No último número desse jornal,
tal como aconteceu em números anteriores, o Bloco de Esquerda e os seus aliados
internacionais são um dos principais alvos do ataque dos comunistas
portugueses. Na crónica internacional “Ilusões e luta”, pode ler-se: “Na Grécia
e França, importantes lutas marcam a actualidade. Governos auto-proclamados de
esquerda – ou até da «esquerda radical» – estão a concretizar as políticas
anti-laborais e anti-sociais do grande capital financeiro. Mas a resistência
tem-se manifestado nas ruas e em greves, organizada pelo movimento sindical e
organizações políticas ligadas à defesa dos interesses de quem trabalha, e não
aos interesses de quem lucra”.
E para que não fiquem dúvidas,
o autor acrescenta: “Na Grécia é o governo da «esquerda radical do Syriza – tão
promovido por certa esquerda europeia, como o BE, que se pendurava ao pescoço
de Tsipras nos dias de glória eleitoral para depois fazer de contas que nem
sabia quem fosse – que está a promover mais um feroz ataque ao martirizado povo
grego. Desta vez com uma «reforma» do sistema de pensões. De proclamado
opositor e resistente aos ditames da UE, o governo Tsipras tornou-se num fiel
executante das políticas de austeridade da Comissão Europeia, Banco Central
Europeu e FMI. Mas o governo Tsipras foi mais além, colaborando com o belicismo
imperialista”.
No plano da política interna
portuguesa, isto apenas destaca que o Bloco de Esquerda é um dos principais
adversários e concorrentes do PCP, mais perigoso até do que os chamados
partidos de direita: CDS/PP e PSD. Os comunistas receiam entrar numa rota
irreversível de extinção, cujo processo poderá favorecer o BE.

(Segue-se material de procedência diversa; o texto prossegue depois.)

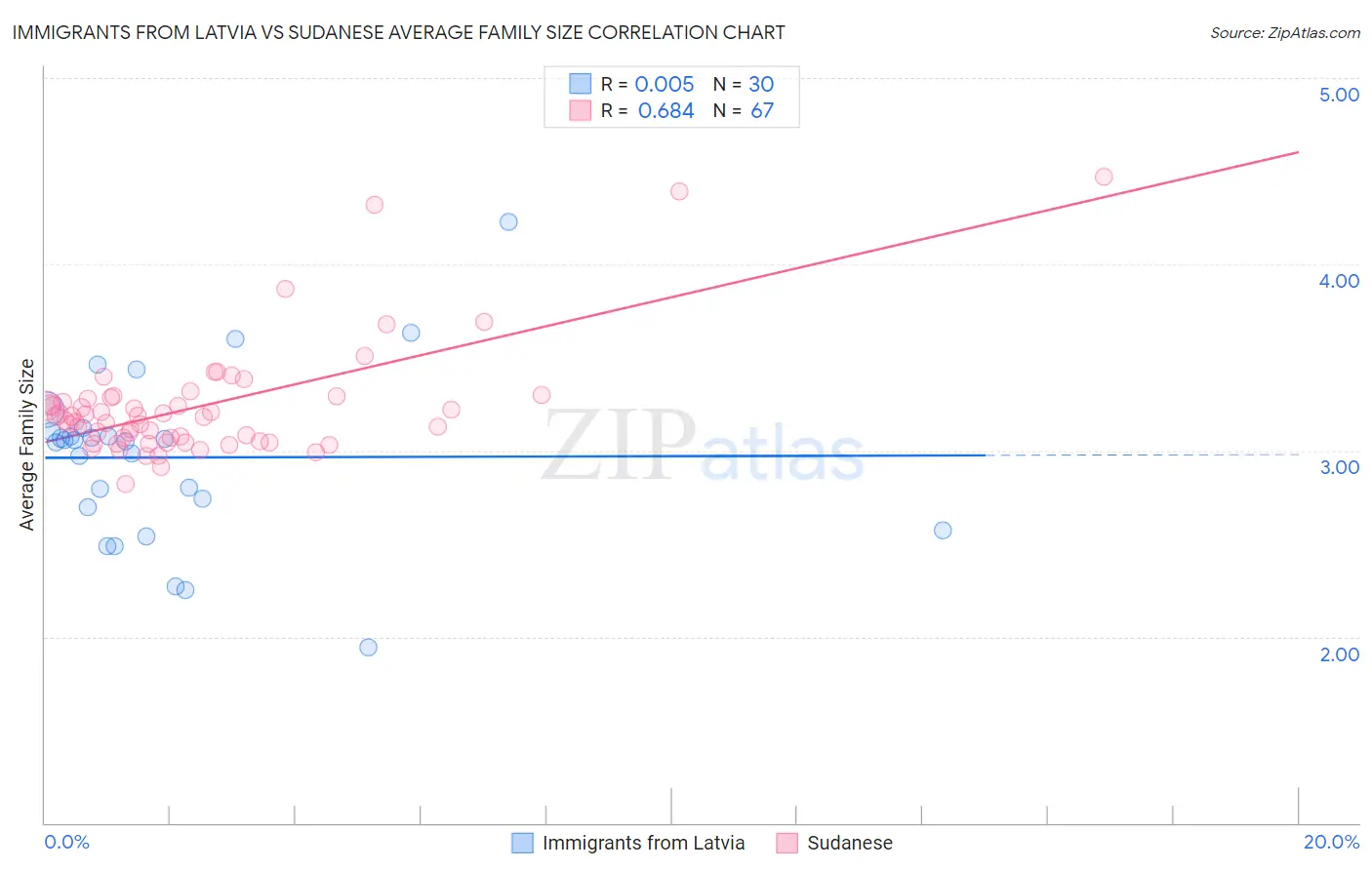 Immigrants from Latvia vs Sudanese Average Family Size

Este tipo de ataques do PCP ao
BE traz à memória a guerra lançada pelo ditador soviético José Estaline contra
a social-democracia europeia nos anos 30 do século XX, uma das causas da
chegada de Adolfo Hitler ao poder na Alemanha. Foi então que surgiu o termo
“social-fascismo”, criado por Moscovo para denegrir a esquerda democrática na
época.
Mais tarde, como é sabido, o
“feitiço virou-se contra o feiticeiro” e o termo “social-fascista foi utilizado
pela extrema-esquerda portuguesa para atacar o partido de Álvaro Cunhal.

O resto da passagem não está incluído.